To the OP's original post.....reactivity IMO could have many layers to it....there are many variables including the handler. If one approach cures the problem...what a great deal. Without being disrespectful, I might suggest it's more a modification of multiple forces than simply just one "collar"...but the collar might very well be a component of the overall fix.


SuperG


----------



## annabirdie (Jul 3, 2015)

Well here is my own experience...I have a 10 month old female that has always been reactive, to varying degrees, sometimes better than other times but there was always the potential for her to react negatively to another dog. She is also a big leash-puller and very strong, so walking her was not always as fun as it should be. I hired a trainer recently who immediately recommended a prong when she evaluated her. Well it is extremely helpful, and has made our walks so much more pleasant and longer and Rosie is getting way more exercize and fun experiences. We are also using it as a tool to correct reactivity and she gets it right away, and is very responsive and I have already seen her reactivity and "intense staring" have gone way down. Used properly the prong is a great tool to communicate in a very effective way with your dog. Having said that I would not have been comfortable without a lot of guidance and the trainer showed me exactly how to put it on, use it, associated language and reward times, etc. I think an experienced owner may not need one, but I am a GSD rookie and my only other dog was a breeze to train in comparison. So having been where you are, I think at this age the prong is definitely a good tool as your dog is getting older and you want to address these behviours now and not in 2 years when they have gone way too far. Definitely get a new trainer, ask for recommendations on this forum maybe, everyone is so helpful. You really need a GSD friendly trainer with an understanding of this particular breed.


----------



## zohaibrose (Jan 22, 2016)

voodoolamb said:


> Using a prong on a "highly reactive" dog without the guidance of a very experienced trainer well versed in aggressive behavior, training theory, and correct use of the prong is a recipe for disaster.
> 
> Tons of posts on here about how prongs collars can exasperate reactivity issues.
> 
> Proceed with caution.


Yeah i think prongs are more likely to get your dog to snap at you but if he is a puppy that is exciteful and does not listen then you could use it but with a mature dog i wouldnt since hes grown already


----------



## Castlemaid (Jun 29, 2006)

zohaibrose said:


> Yeah i think prongs are more likely to get your dog to snap at you but if he is a puppy that is exciteful and does not listen then you could use it but with a mature dog i wouldnt since hes grown already



You think? That might depend on the dog, the situation, and the way the collar is being used, or has been used in the past. 
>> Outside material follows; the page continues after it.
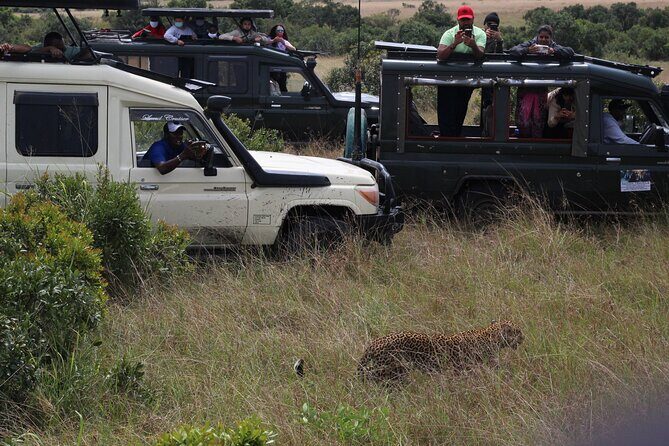 5-Day Private Tour in Kenya's Best Game Parks - Day 3 to Day 4 in Maasai Mara: Big Five game drives and the best big-cat chances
Prong collars can be used and misussed on both young dogs and fully grown dogs alike, and again as suggested by many others, speculation isn't going to determine if a prong collar will be helpful in this particular situation or not: Finding a balanced trainer that can evaluate your dog and their reaction and has experience in using prong collars is going to give the poster the answers she is looking for.


----------



## selzer (May 7, 2005)

The problem is, when a trainer wants to do what we think the dog needs, well, than that's a balanced trainer who is going to be the best one for our dog. 

Keep looking until you find one who thinks like you do. Which, actually works a lot of the time, because we have more success when training our dogs when we have confidence in the training method, because most of what is wrong with our dogs is on our end of the leash. If we improve the signals we give our dog, their behaviors improve, most of the time. If the dog is confident in us, then he is less likely to be taking control of his personal protection in ways we disapprove of. 

On the other hand, if we are convinced the problem is totally within the dog, continuing to look for a "balanced" trainer is probably going to backfire. 

This is actually one of those situations where naming names, out of personal experience with a trainer, could be a lot more helpful. If someone from the OPs area can point to someone who has experience with the type of GSD they have, with the problem she is experiencing, maybe we could get the OP where she needs to be to get the help she needs, regardless of what training methods and implements are likely to be employed.


----------



## HOBY (Aug 12, 2013)

Not that I am saying anything different but I can say that when the prong collar is needed and works [it usually does when used correctly] you will be very happily surprised. It is like power steering. A light touch gives you excellent controlled direction.


----------